I’ve laughed at soccer moms (Why doesn’t anyone use the term “Soccer Dad?”) who run along the side lines with their child, shouting “encouragement.” When my daughter was eight, she had a teammate who received $20 for every goal. Does that make her a pro, and will it ruin her chance of going to the Olympics? Just curious.

Then there was gymnastics.

“She’s going to be too tall to be a gymnast,” my husband said, when he heard I enrolled her.

“She’s six years old,” I reminded him. “She likes to do cartwheels and flips and get a stamp on her hand after class.”

Sometimes, we, as parents, get way ahead of ourselves when it comes to our kids and sports. And, now, on the cusp of Georgia-girl Melanie Oudin’s outstanding performance in the U.S. Open, my daughter is playing tennis.- my sport. The sport I’ve played for 15 years in order to become mediocre; the sport I wished I would have started when I was her age; the sport in which she naturally excels. And, suddenly, I don’t just want her to have fun and develop skills that she can use for a lifetime - I want her to win.

Of course, I would never dare let on. Truthfully, I am thankful that she is a healthy child and can play. Yet, there’s a part of me - the part that was always picked last for Red Rover, the part that didn’t make the basketball team, the part that always got tagged out at first, the part that failed the broad jump, the part that couldn’t climb the rope to the top in the gym – that really, really wants her to kick butt!

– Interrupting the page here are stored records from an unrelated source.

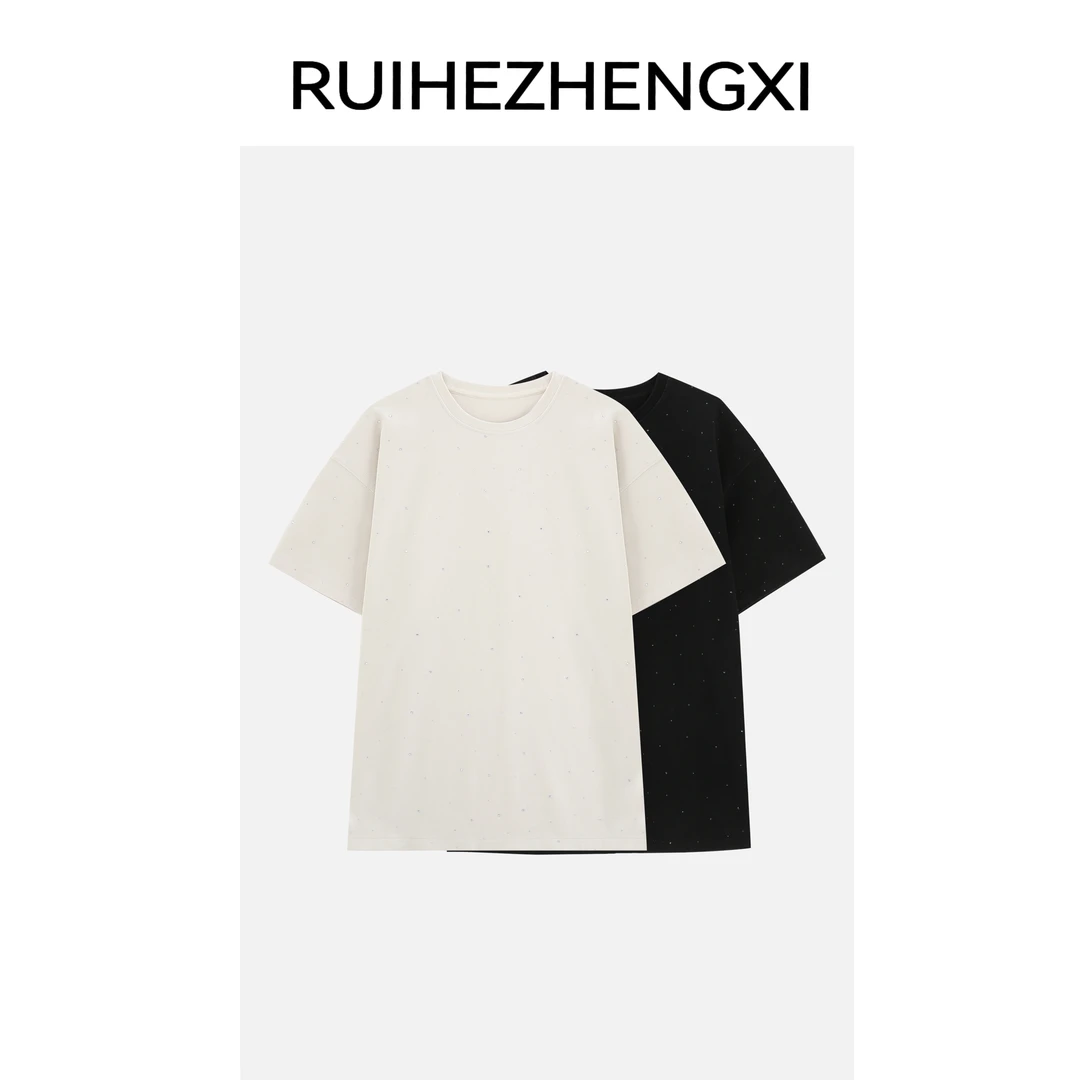 RUIHEZHENGXI｜瑞和正熙931124洋气百搭宽松满天星满钻短袖T恤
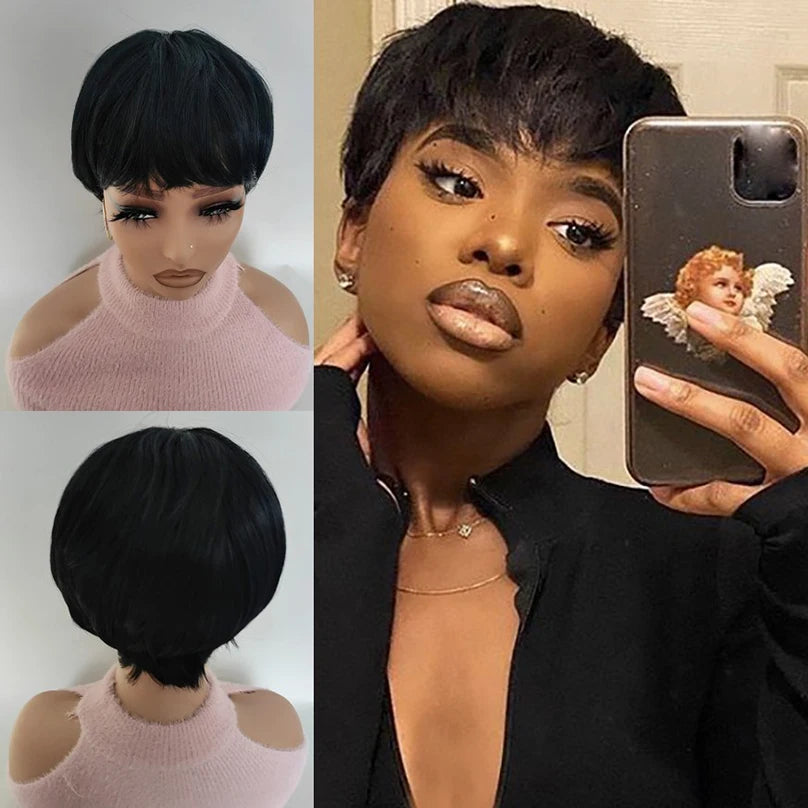 Natural Short Layered Pixie Wig With Bangs For Women
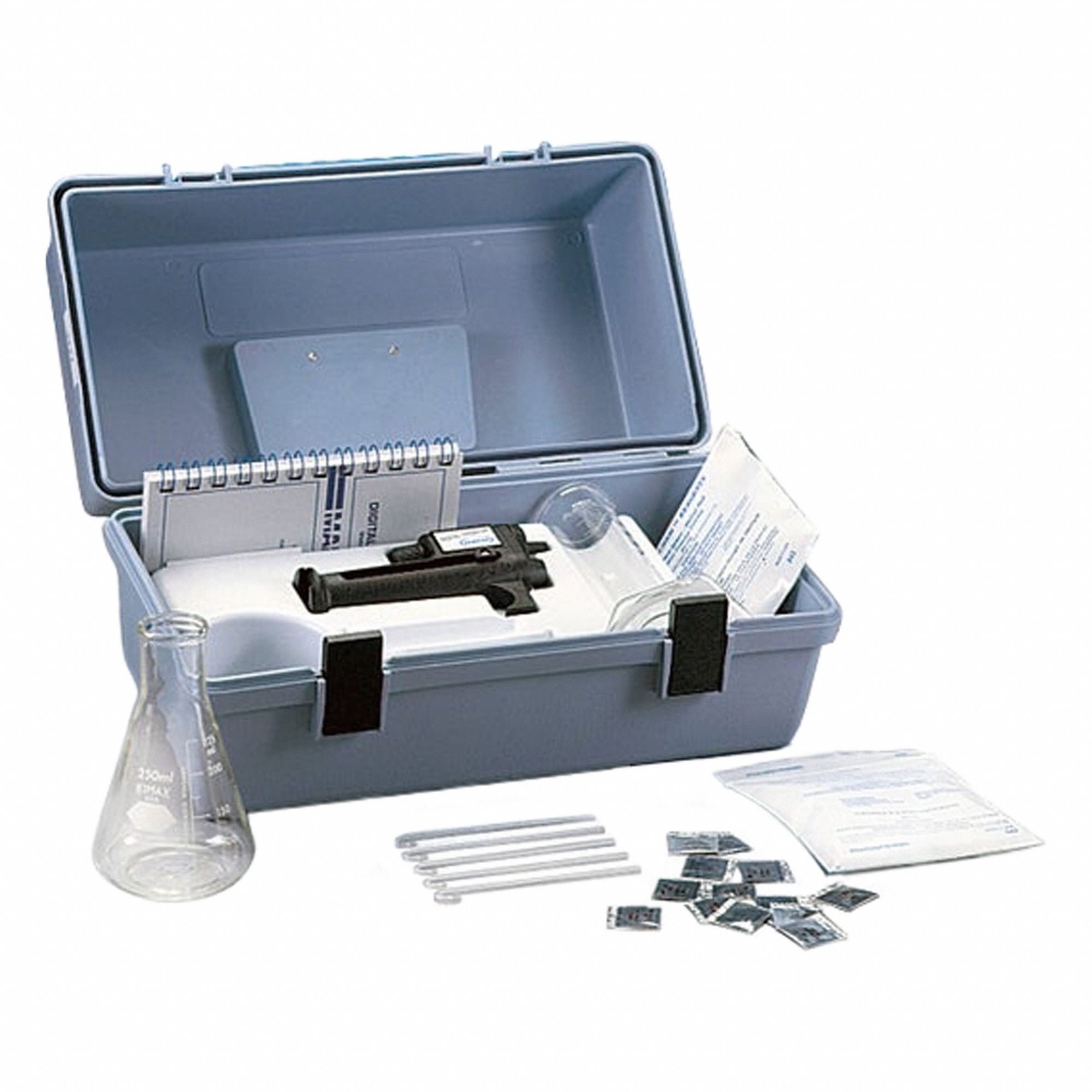 Alkalinity Test Kit: Alkalinity, 10 to 4000 mg/L CaCO₃, 0.1 to 10, 100 Tests, 8 Pieces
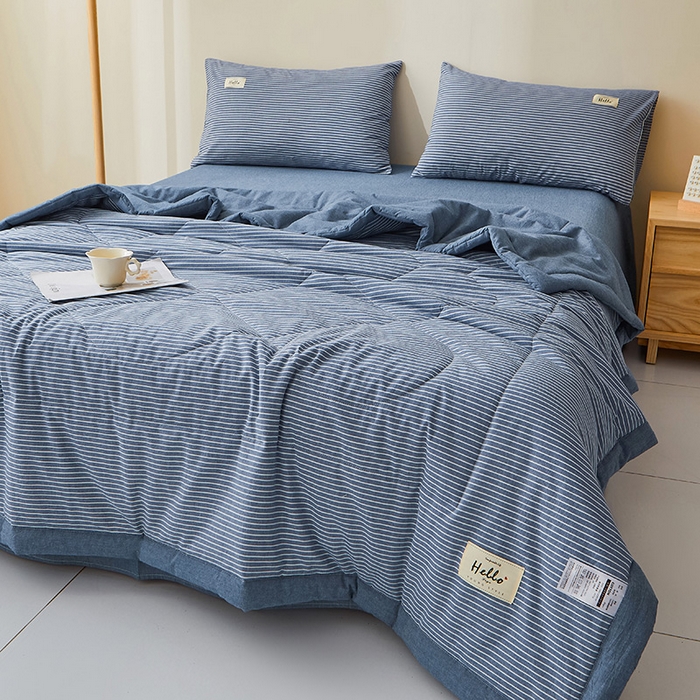 91家纺网 家纺一手货源 找家纺 恋人优选 2025新款纯棉色织水洗夏被 蓝白条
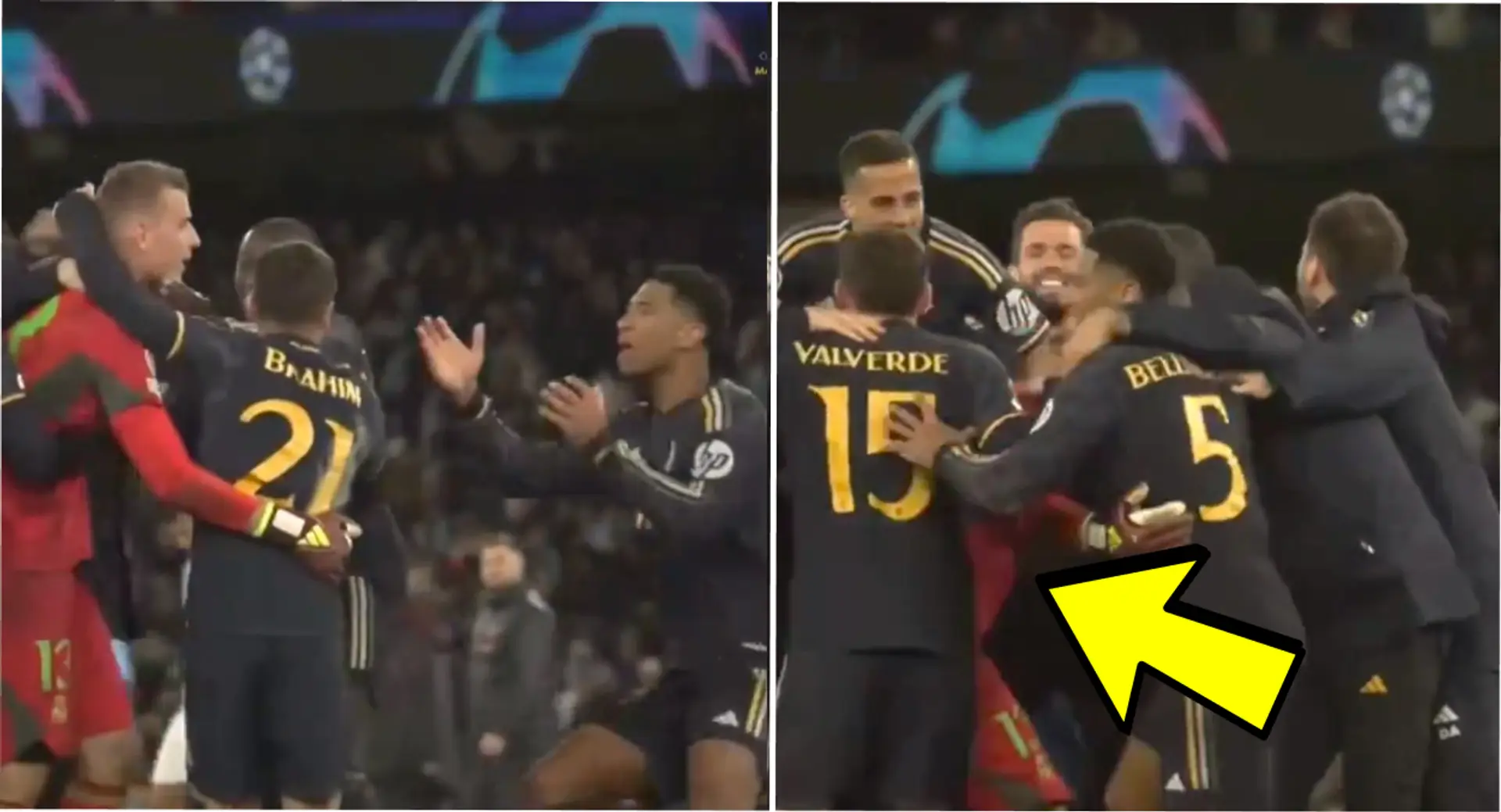 Les joueurs du Real Madrid envahissent Lunin pour montrer leur amour au gardien après sa masterclass contre Man City – filmé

But, if not, I will hug her and be just as happy because either way I am proud. I know what it is like to lose; I know what it is like to cheer for three seasons for a team that never won a game; I know what it is like to try and fail and vow to work harder, and, ultimately, that is not a bad thing. It shapes who you are, the person you become. Not to mention, it makes the wins in life that much sweeter.